### WHAT IS REQUIRED
Transcribed word for word, the lines below from the one with "queen_egirl27 onlyfans album" through the last line of the records form the answer; no picture is to be included.

(Dataset records)
[Start of section]
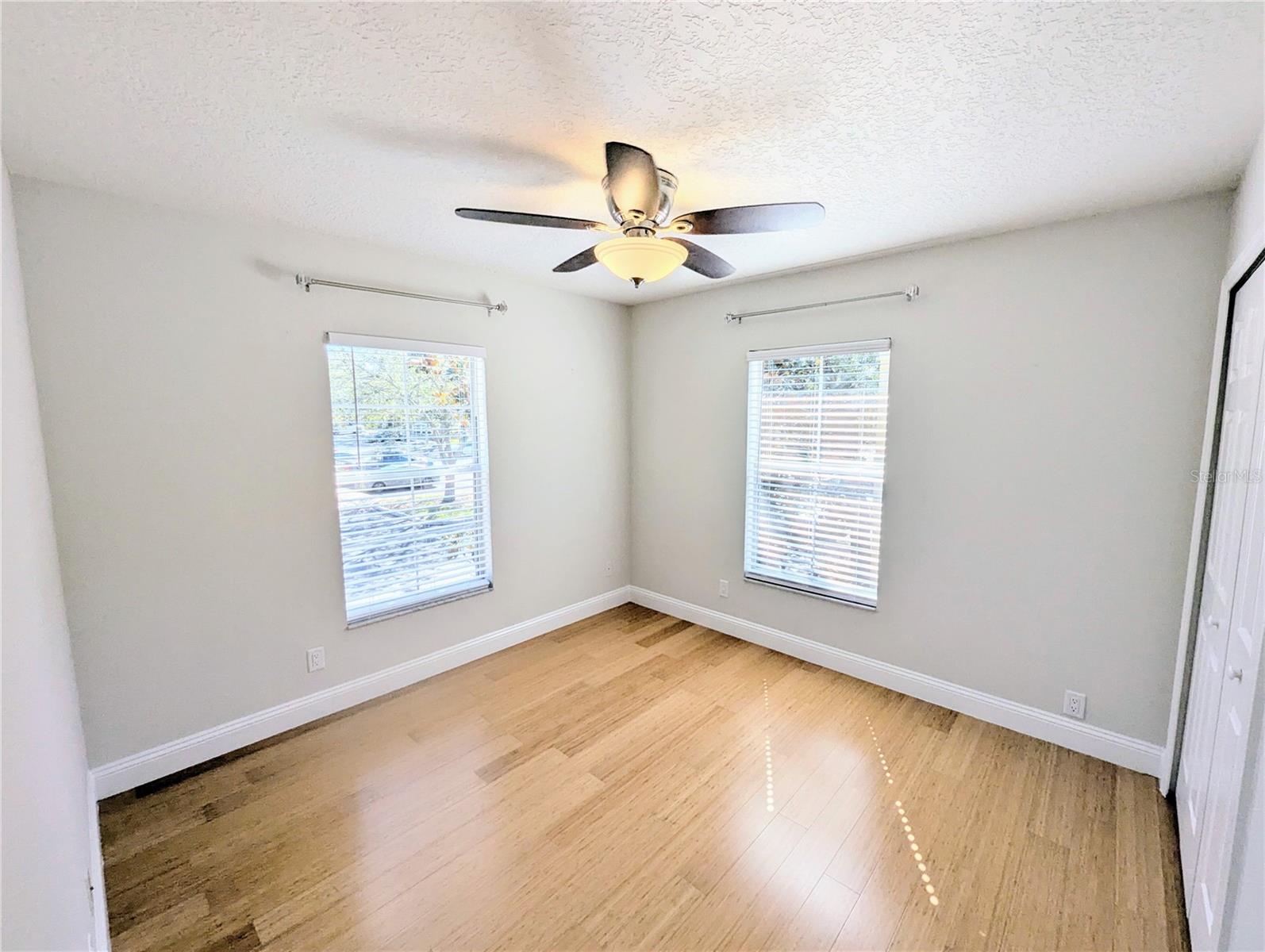 242 HARDCASTLE PL, VALRICO, FL, 33594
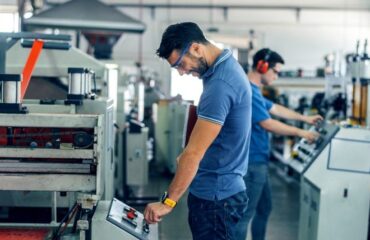 1808 – Treinamento Para Operadores de Máquinas e Equipamentos Devido à Introdução de Novas Tecnologias 1808 - Treinamento Para Operadores de Máquinas e Equipamentos Devido à Introdução de Novas Tecnologias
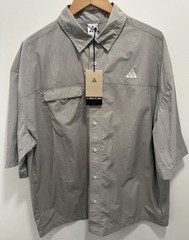 Nike ACG Orb Weaver UV Repel Short Sleeve Shirt Grey HJ2883-009 Men’s Size Large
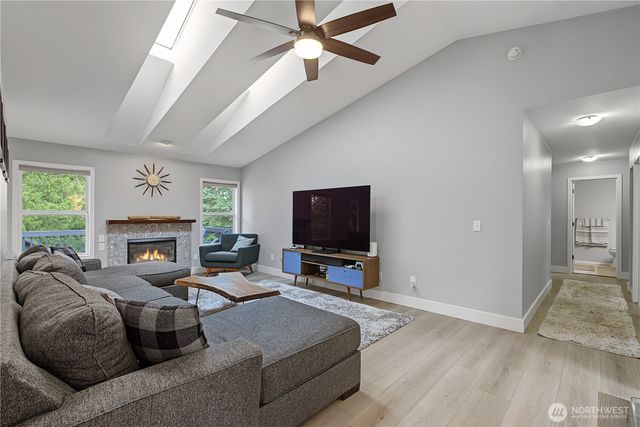 521 208th Avenue E, Bonney Lake, WA 98391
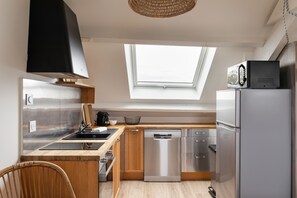 Kühlschrank, Mikrowelle, Ofen, Geschirrspüler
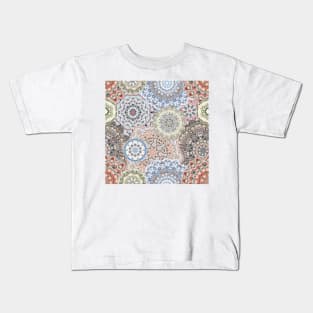 Seamless pattern with floral mandala Kids T-Shirt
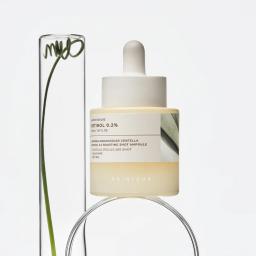 SKIN1004 Madagascar Centella Retinol 0.2 Boosting Shot Ampoule 30ml view 2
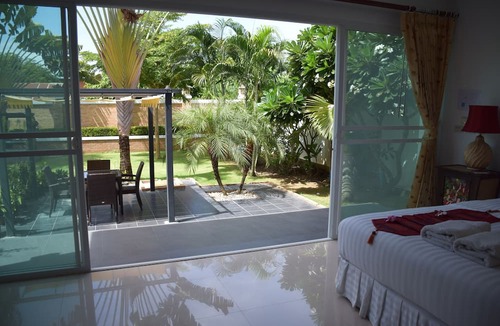 Sing Buri Hotel | Sumali Villa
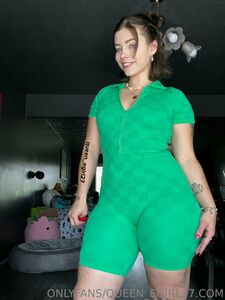 queen_egirl27 onlyfans album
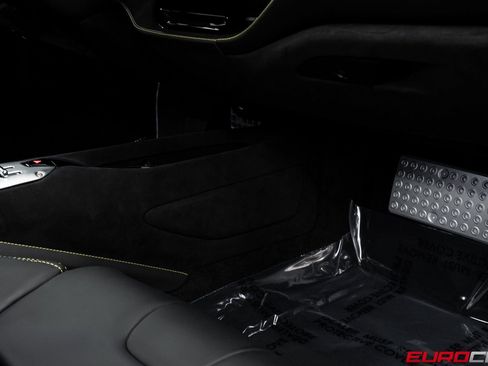 Used 2022 Ferrari SF90 Stradale AWD/4WD image 38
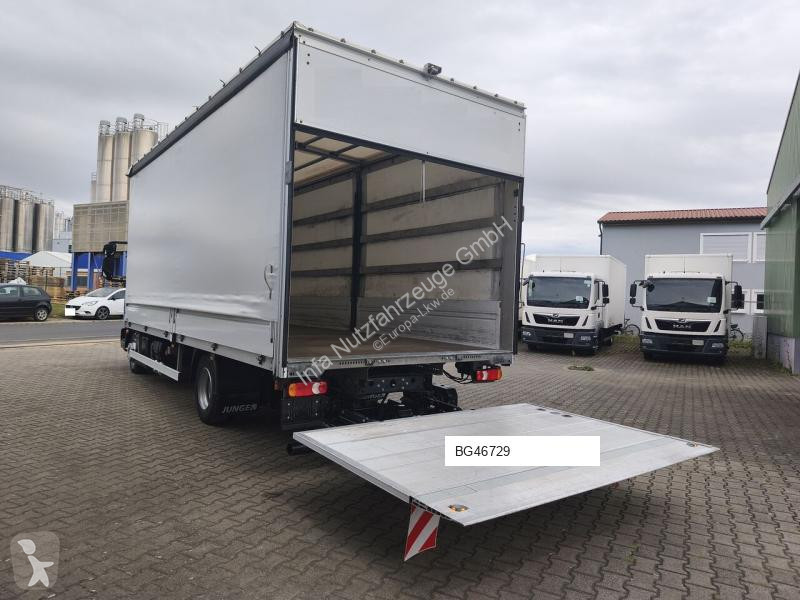 Camión Iveco 75-210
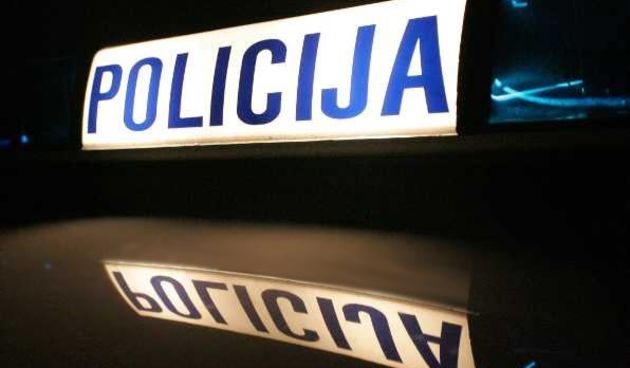 policija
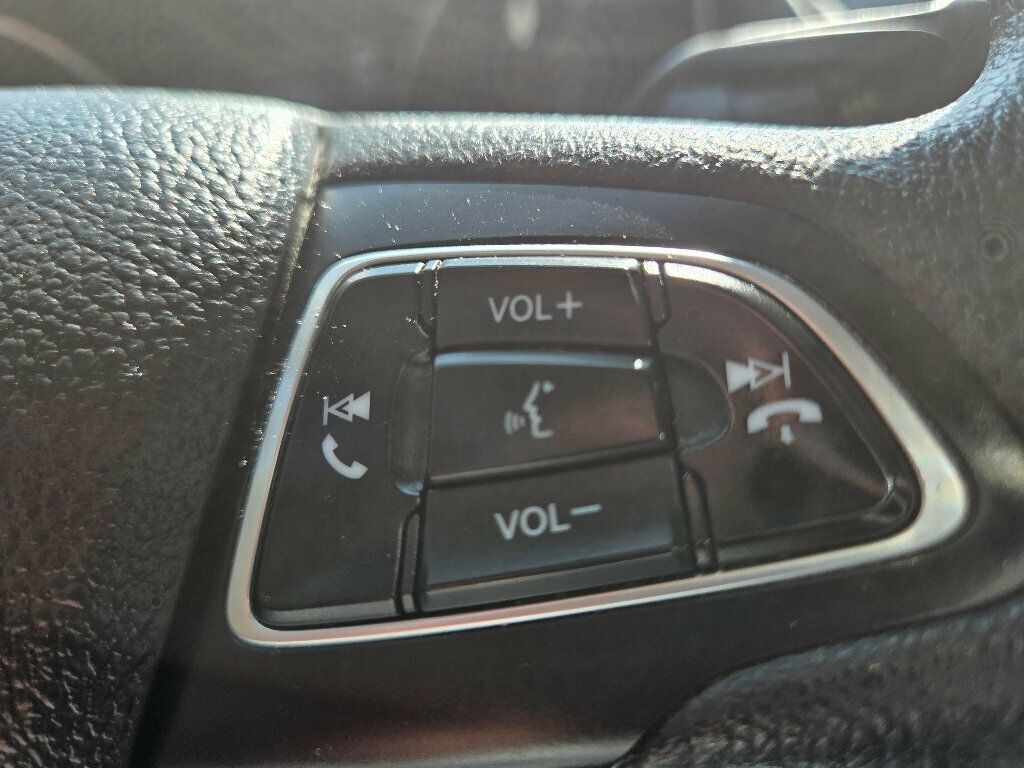 2018 Ford Focus Sedan photo 19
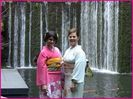 Selena-Gomez-Kimono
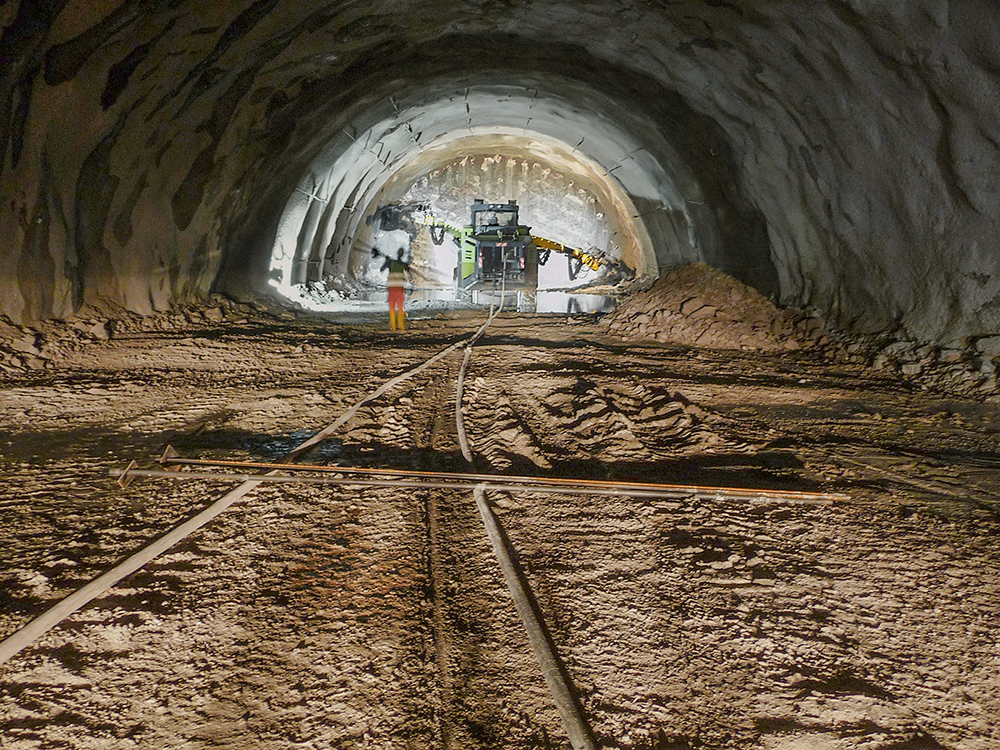 The Klokova Tunnel: Ground Support Products by DSI Underground for Greece’s new North-South Connection The Klokova Tunnel: Ground Support Products by DSI Underground for Greece’s new North-South Connection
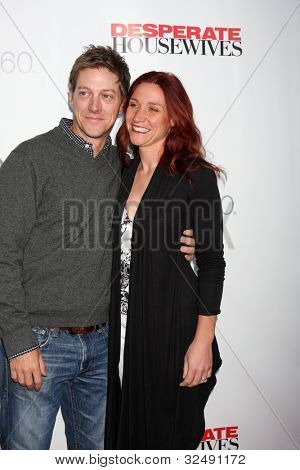 LOS ANGELES - APR 29: Kevin Rahm, kone ankommer til 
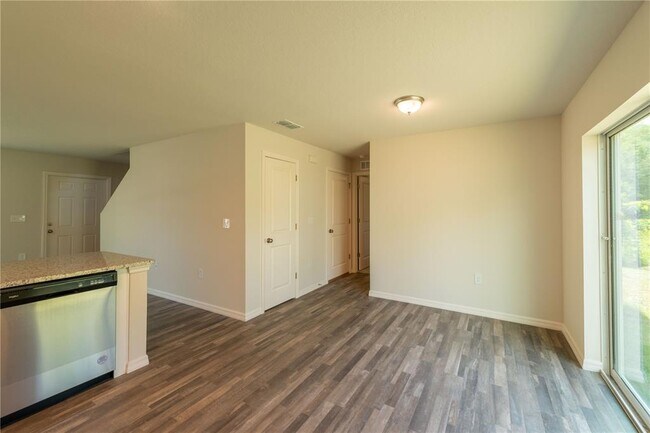 Building Photo - 3427 Hartley Rd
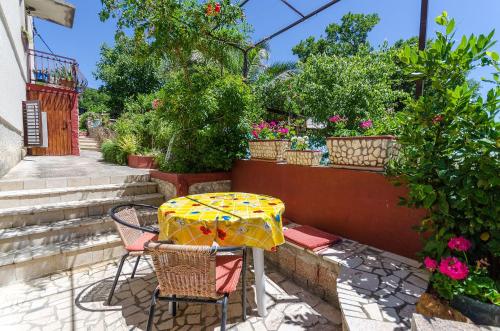 Nostalgisches Apartment nur 500 Meter zum Strand mit privater Terrasse, Meerblick, Grill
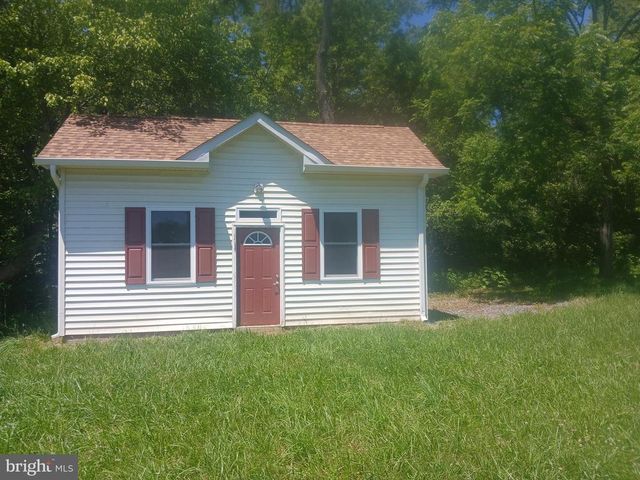 5201 CAROLYNS WAY, Linden, VA 22642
[End of section]
### SOLUTION TO THIS PROBLEM
 queen_egirl27 onlyfans album
 Used 2022 Ferrari SF90 Stradale AWD/4WD image 38
 Camión Iveco 75-210
 policija
 2018 Ford Focus Sedan photo 19
 Selena-Gomez-Kimono
 The Klokova Tunnel: Ground Support Products by DSI Underground for Greece’s new North-South Connection The Klokova Tunnel: Ground Support Products by DSI Underground for Greece’s new North-South Connection
 LOS ANGELES - APR 29: Kevin Rahm, kone ankommer til 
 Building Photo - 3427 Hartley Rd
 Nostalgisches Apartment nur 500 Meter zum Strand mit privater Terrasse, Meerblick, Grill
 5201 CAROLYNS WAY, Linden, VA 22642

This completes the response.